Officer Daniel conducted four field sobriety tests and concluded that defendant was driving under the influence. Officer Daniel asked defendant if he had been drinking, and defendant indicated that he had not been drinking. Officer Daniel arrested defendant, and defendant agreed to take a breath test using the DataMaster “DMT” machine. Two tests were administered and defendant’s results were 0.23 and 0.24 blood-alcohol-level.

-1- Defendant was subsequently charged with operating a vehicle while being under the influence of intoxicating liquor or having an alcohol content of 0.08 grams or more per 210 liters of breath, MCL 257.625(1), third offense, MCL 257.625(9)(c). Defendant was charged with the third offense enhancement based on a prior Colorado conviction from June 2, 2000, for operating while impaired and a prior Michigan conviction from July 15, 2008, for operating while intoxicated. The parties do not dispute that defendant’s Colorado conviction was a violation of Colo Rev Stat Ann 42-4-1301(1)(b).

Before trial, defendant moved the trial court to dismiss the felony information. Defendant argued that his prior conviction in Colorado did not meet the statutory definition of “prior conviction” under MCL 257.625(25) because the Colorado statute does not substantially conform to a law of this state. Defendant further argued that the felony information should be dismissed as a result because operating while intoxicated is a felony if the violation occurs after two or more convictions.

A hearing on defendant’s motion was held on October 30, 2014, where defense counsel addressed the issue of whether defendant’s charge was properly determined to be a third offense rather than a second offense based on the wording of the Colorado statute, and he asked the trial court to find that the Colorado statute was not analogous to the Michigan statute. Defense counsel argued that the Colorado statute’s standard is based on “impairment in the slightest degree” of the particular driver, while the Michigan statute refers to “an ordinary driver” and uses intoxication that is observable by another person as the standard. Defense counsel argued that “the Colorado statute would cover levels of intoxication and impairment that are far below what would be recognized even under Michigan’s impaired statute.”

The prosecution argued in response that under People v Wolfe, 251 Mich App 239; 651 NW2d 72 (2002), when addressing whether the statutes were substantially similar, the Michigan statute requires that the law of the other state substantially correspond to Michigan law, not that the statutes match identically. The prosecution argued that the Colorado statute essentially required an evaluation of whether the driving was reasonable or “worse than an ordinary person would drive” and that this is exactly the same standard under the Michigan statute.

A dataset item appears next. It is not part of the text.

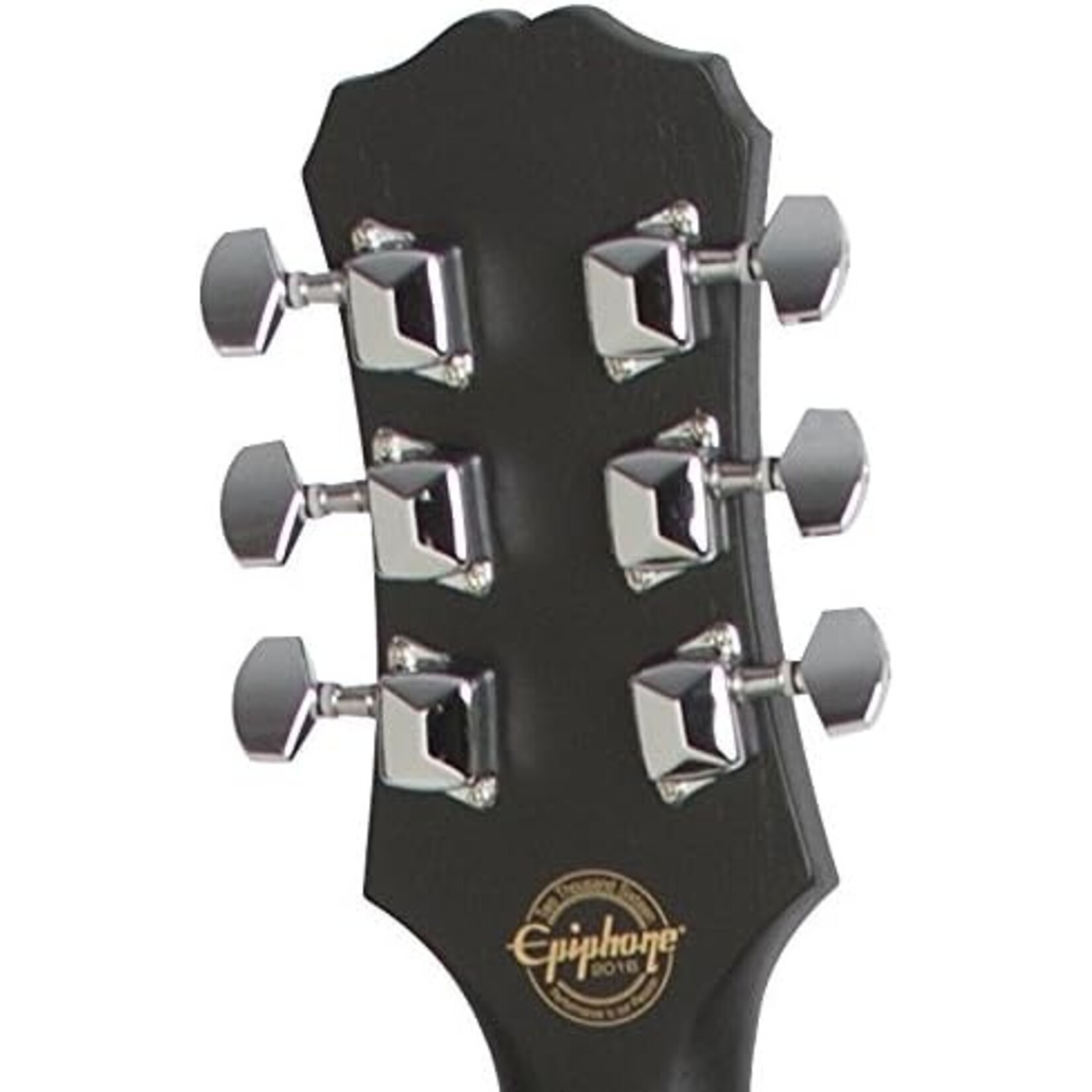 Epiphone Les Paul Special Satin E1 Electric Guitar - Vintage Ebony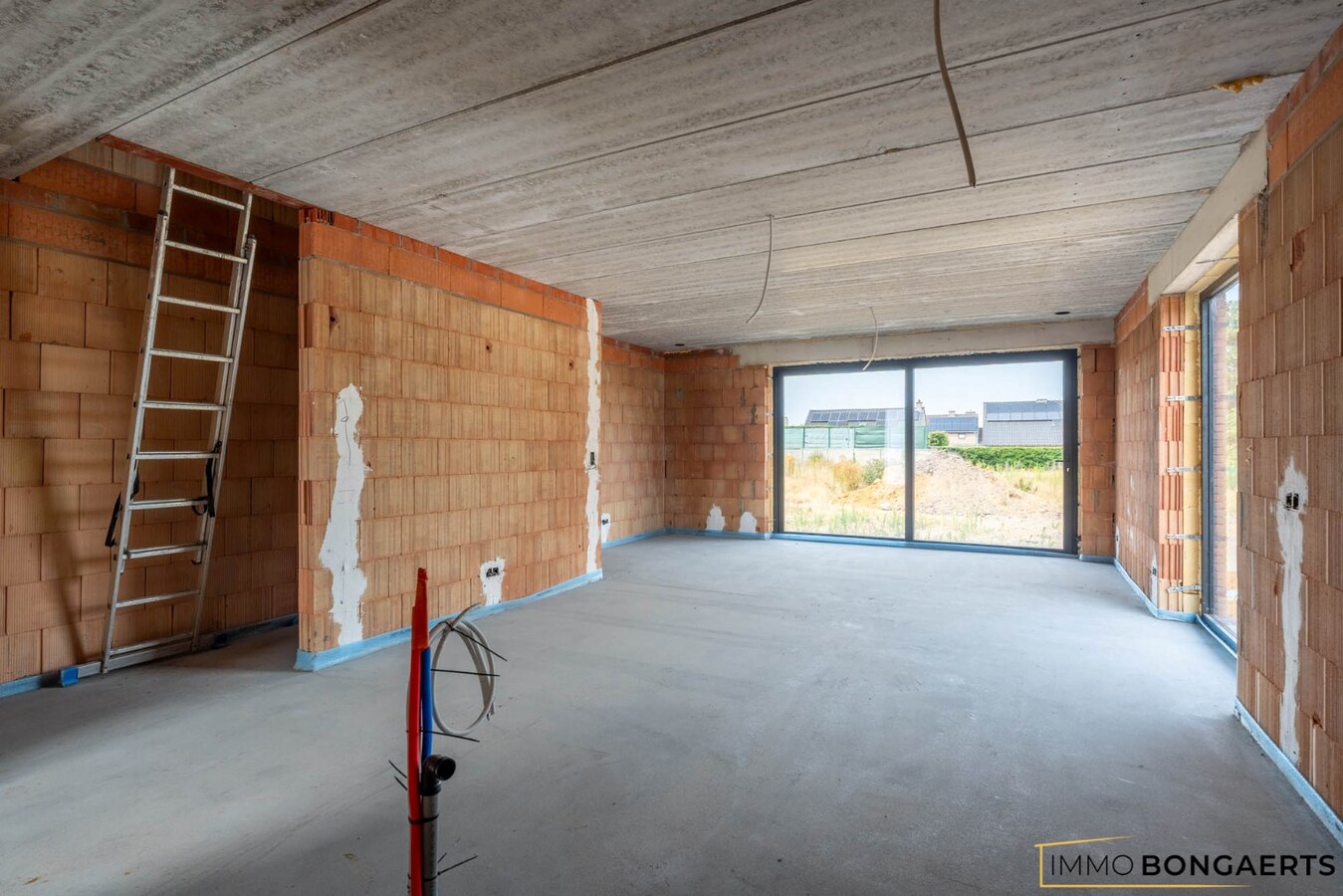 Energiezuinige nieuwbouwwoning met mogelijkheid tot 6% btw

The trial court noted that there are two basic drunk driving crimes in Michigan, OUIL and OWI, and that OWI has a much lower threshold. The trial court also noted that Colorado has “a statute that is similar to the breakdown that Michigan has,” where the statute makes it a misdemeanor for a person to drive “under the influence of alcohol” and defines a separate misdemeanor of driving while “impaired by alcohol.” The court recognized that there were some differences in wording between the two statutes. However, the court ultimately concluded that the “conviction for impaired driving in Colorado is substantially similar and therefore it can be counted as a prior conviction,” based on its findings that the Michigan legislature intended “to capture a conviction in another state, like Colorado, where they have a similar breakdown between OUIL, and OWI” and that “the legislative intent, both in Colorado and Michigan, I believe is the same.” The trial court denied defendant’s motion.

Defendant was convicted and sentenced as set forth above. This appeal ensued.

II. ANALYSIS

-2- Defendant argues that his prior conviction in Colorado for driving while ability impaired, Colo Rev Stat Ann 42-4-1301(1)(b), does not satisfy the definition of “prior conviction” in MCL 257.625(25)(b) and thus was improperly counted as a third offense to enhance his instant conviction to a felony.

Whether a statute of another state satisfies the definition of “prior conviction” found in MCL 257.625(25)(b) involves an issue of statutory construction, that we review de novo. Wolfe, 251 Mich App at 242.

In Wolfe, 251 Mich App at 245, this Court construed the term “substantially corresponding” contained within the statutory definition of “prior conviction” for purposes of MCL 257.625. The defendant in Wolfe had been charged with operating while impaired under MCL 257.625(3), while a person under the age of sixteen was in the vehicle, and the prosecution sought to enhance the charge to a felony pursuant to MCL 257.625(7)(a)(ii) based on the defendant’s prior Texas conviction for driving while intoxicated. Id. at 240-241. The Texas statute provided that “[a] person commits an offense if the person is intoxicated while driving or operating a motor vehicle in a public place” and defined “intoxicated” to mean “(A) not having the normal use of mental faculties by reason of the introduction of alcohol . . . or (B) having an alcohol concentration of 0.10 or more.” Id. at 244-245 (quotation marks and citation omitted).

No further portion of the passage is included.